Data extracts:
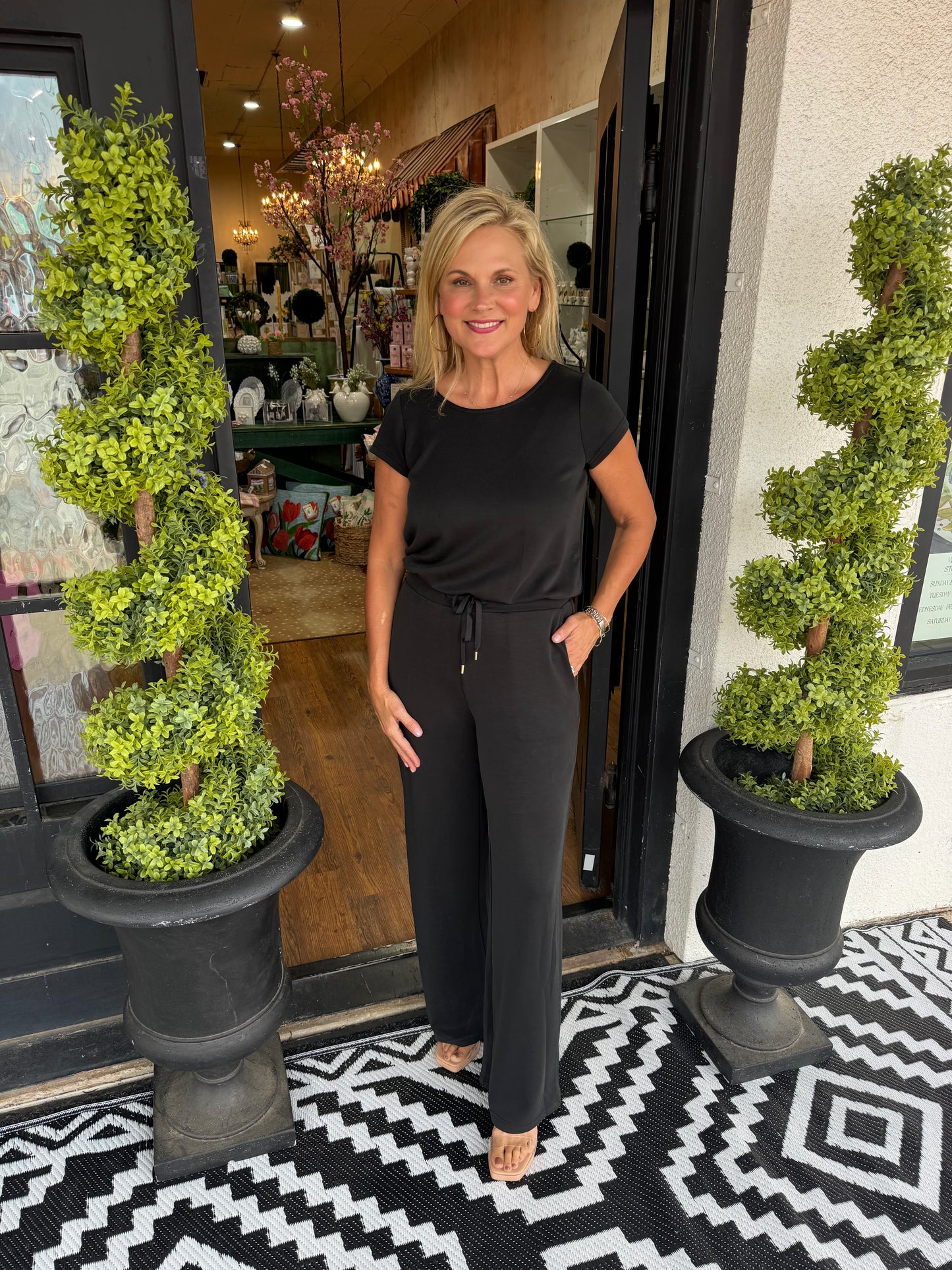 Mary Square Carlise Black Romper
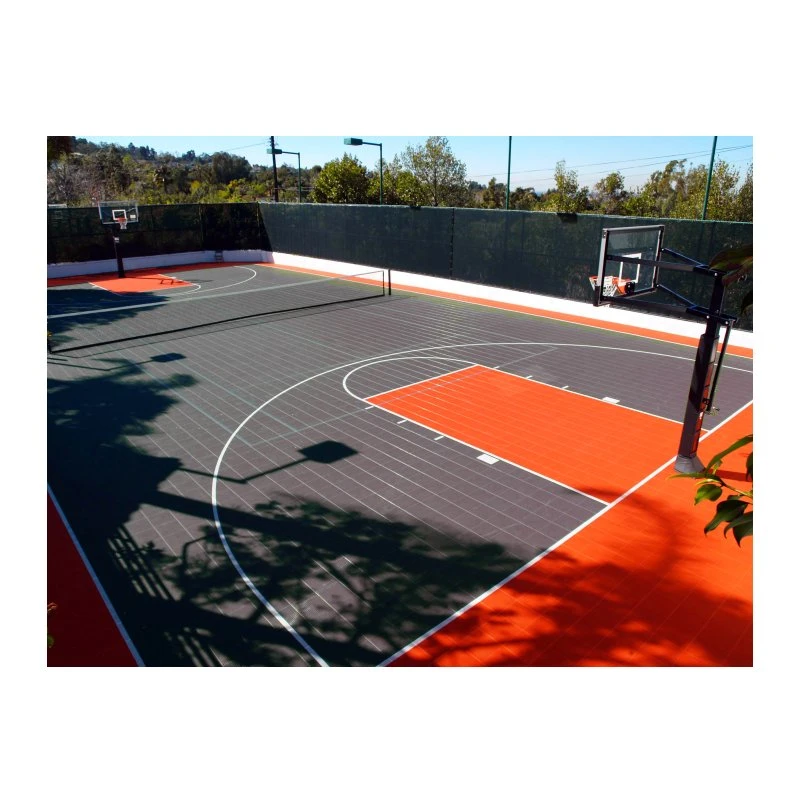 Suelo de cancha de baloncesto exterior con intercalado TPE modular impermeable multiuso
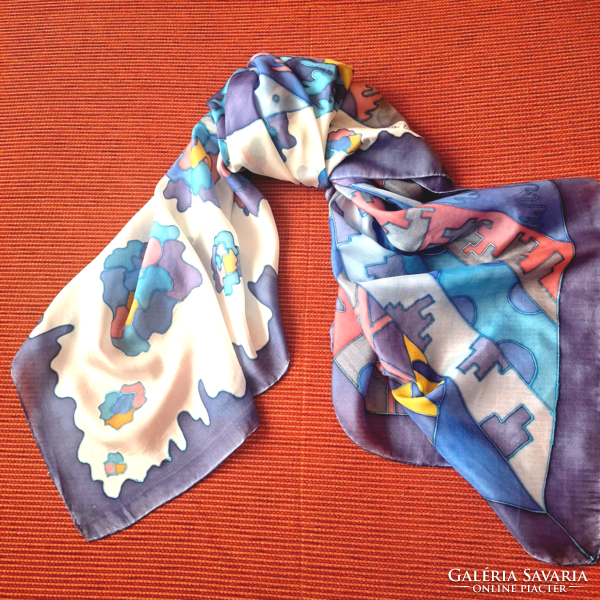 Original silk scarf, hand-dyed, hand-stitched, unique (giant size)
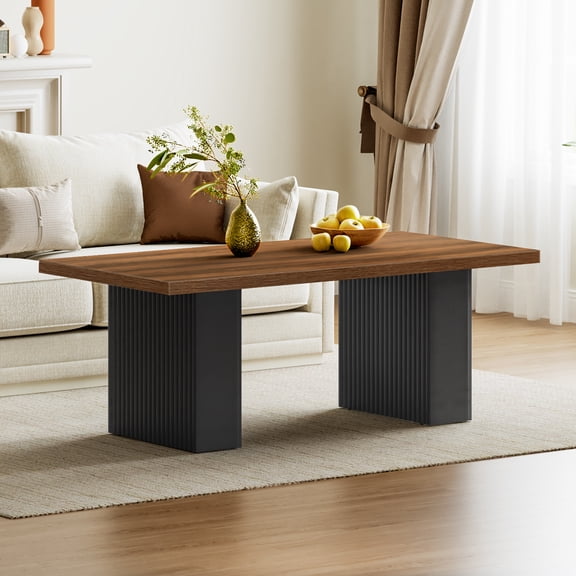 HOOBRO Minimalist Coffee Table with Fluted Legs, Black and Walnut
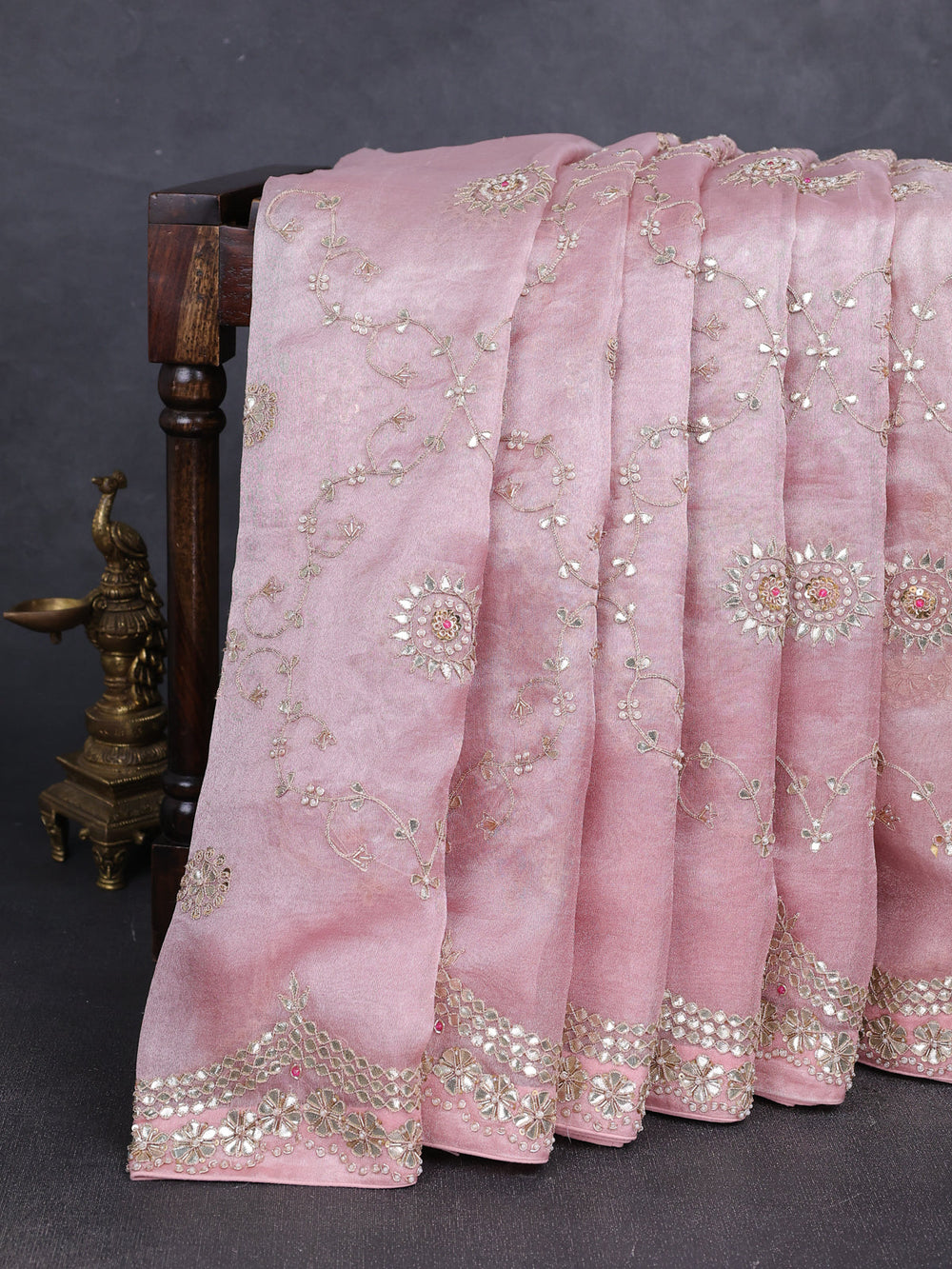 Baby Pink Tissue Organza Embroidery Silk Saree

What the task asks:
All lines from the one containing "HOOBRO Minimalist Coffee" through the final line of the entries above must be restated word for word, pictures excluded.

Solution for this exercise:
 HOOBRO Minimalist Coffee Table with Fluted Legs, Black and Walnut
 Baby Pink Tissue Organza Embroidery Silk Saree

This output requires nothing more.